■ WHAT THIS TASK INVOLVES
Reproduce, without alteration, every line of the data; exclude the images.

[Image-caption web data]
= = = = = = =
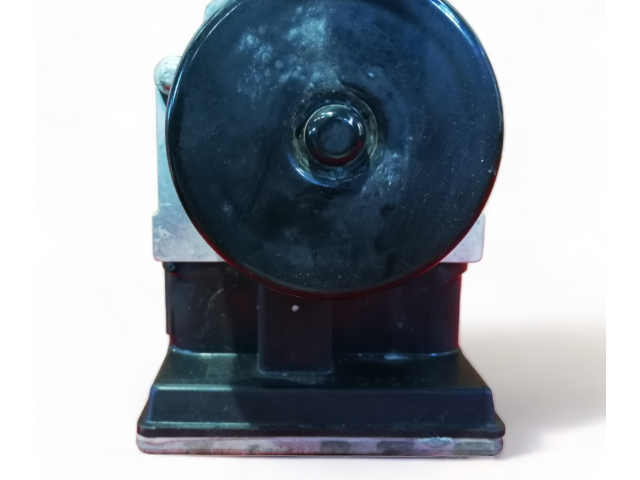 Блок АБС 54085155A, 15113913A Lancia Ypsilon - года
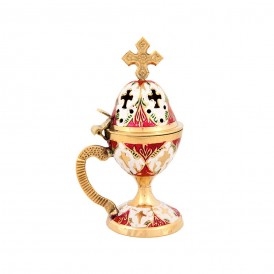 ΘΥΜΙΑΤΟ ΕΠΙΤΡΑΠΕΖΙΟ...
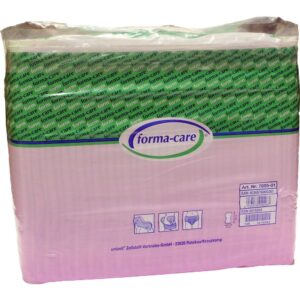 FORMA-care extra Nacht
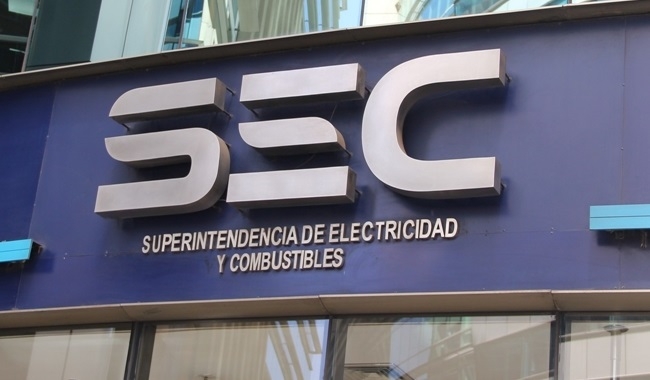 SEC multa con $1.000 millones a CGE por masivo corte de luz que afectó a 6 comunas del Maule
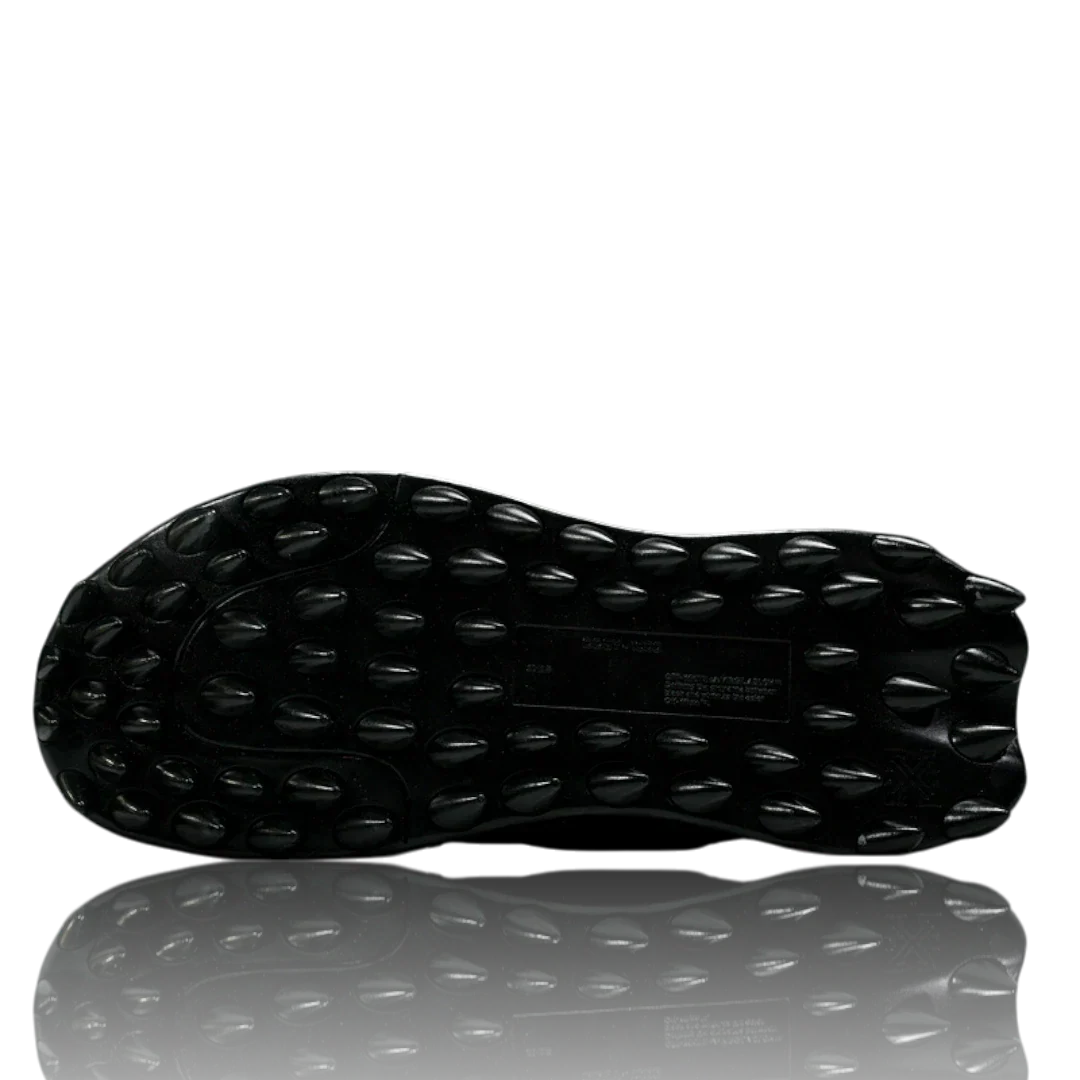 Off-White Odsy-1000 'Black'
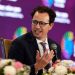 Anthropic CEO outlines plan to slow AI development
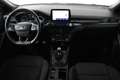 Ford Focus Wagon 1.5 EcoBoost ST Line Business (PARKEERSENSOR Zwart - thumbnail 3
= = = = = = =
■ RESULT BELOW
 Блок АБС 54085155A, 15113913A Lancia Ypsilon - года
 ΘΥΜΙΑΤΟ ΕΠΙΤΡΑΠΕΖΙΟ...
 FORMA-care extra Nacht
 SEC multa con $1.000 millones a CGE por masivo corte de luz que afectó a 6 comunas del Maule
 Off-White Odsy-1000 'Black'
 Anthropic CEO outlines plan to slow AI development
 Ford Focus Wagon 1.5 EcoBoost ST Line Business (PARKEERSENSOR Zwart - thumbnail 3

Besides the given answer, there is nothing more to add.